#864 Three Truths You Must Accept to be Successful
Three truths you must accept to be successful.
Today’s blog is dedicated to the leadership team at High Rise Fire and Security who embrace truth three every day.
ONE: You are responsible for the results of your life. It’s on you. You are but a choice away from changing everything. The life you live today is the sum total of the choices you’ve made up to today.
We’ve all seen rags to riches stories unfold around us and have been witness to, or read about, trust fund tragedies.
We are made or unmade by the choices we make, and the good news is that this rule continues daily. Tomorrow can be vastly different from today if you choose it to be.
TWO: Work wins. “Hard work beats talent when talent fails to work hard.” Malcolm Gladwell wrote that it takes 10,000 hours of practice to become an expert in any field. Too often we see other folks succeeding and chalk it up to natural talent or luck. I assure you that, most of the time, luck is made, not granted. Work wins. Work means focus. Work means training, research, study, modeling, and an unwavering commitment.
Taking the lottery winners and lucky sperm* out of the equation, and you’ll find that most often, good fortune is the result of good work.
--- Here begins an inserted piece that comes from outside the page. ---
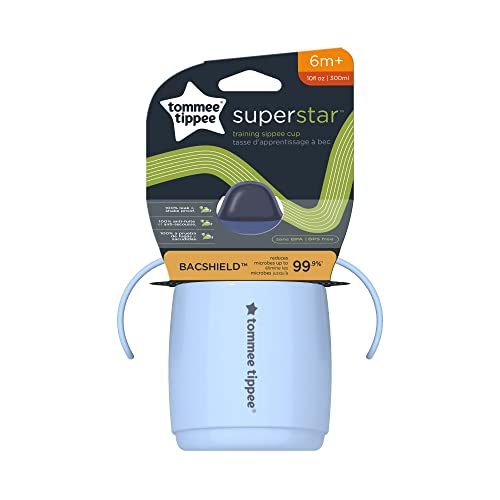 Tommee Tippee Superstar Trainer Sippy Cup for Toddlers, INTELLIVALVE 100% Leak-Proof & Shake-Proof | Antimicrobial Technology (10oz, 6+ Months, 1 Count), Blue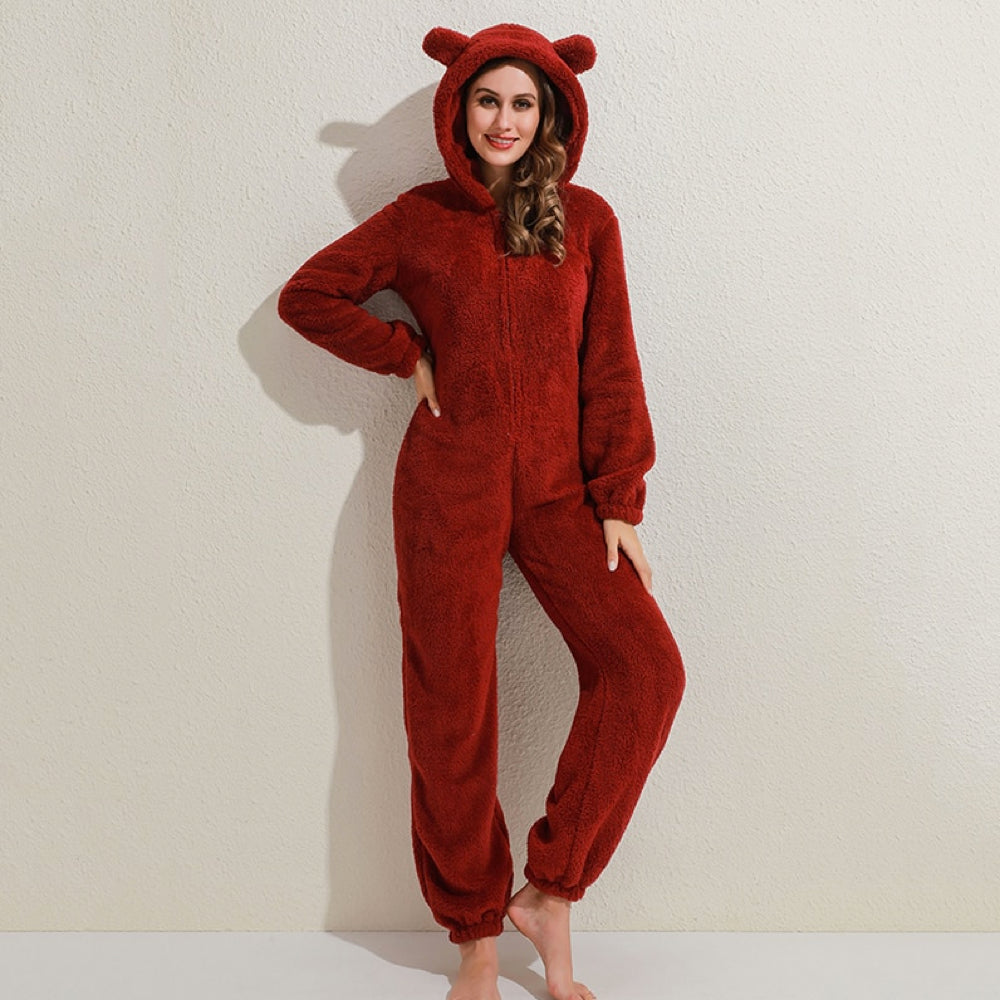 Onesie Polaire d'Hiver Stylé avec Capuche et Fermeture Éclair pour Femmes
THREE: Kindness Prevails. My two least favorite expressions are “Nice guys finish last” and “No good deed goes unpunished.” Cynics would have you believe that the whip always prevails over the carrot and that people are always looking for ways to take advantage of you.
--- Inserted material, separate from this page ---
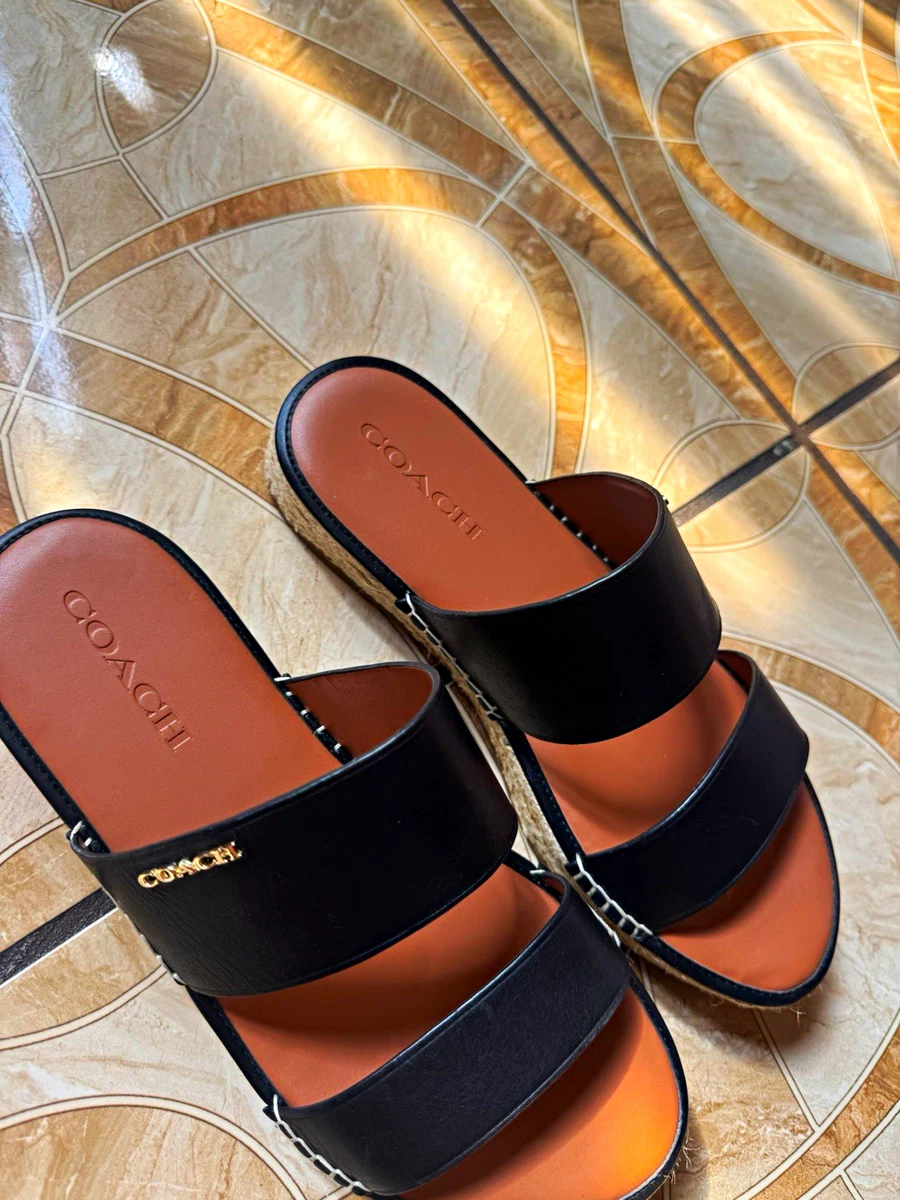 Coach Leather Upper Slide Casual Sandals for Women for sale | eBay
It’s a proven fact that workers led by kind and understanding bosses are more productive than those who are led by uncivil oafs.
Dr. Paul Zak’s is said to be the first to prove, scientifically, that the most productive workers are happy workers. In a recent study, Dr. Zaks showed that their happiness at work boiled down to one thing: oxytocin. Basically, Zak’s team was the first to discover that the brain chemical, oxytocin, facilitated trust, generosity, and connection to others and that leaders who lead with compassion, empathy and trust bring out more oxytocin. Conversely, leaders who are uncivil, rude, and unfriendly bring about stress and oppression which dry up oxytocin.
As a result, Zak says that “Employees in high-trust organizations are more productive, have more energy at work, collaborate better with their colleagues, and stay with their employers longer than people working at low-trust companies.”
One of my favorite quotes of all time comes from Emerson, who said, “You can never do a kindness too soon because you never know how soon it will be too late.”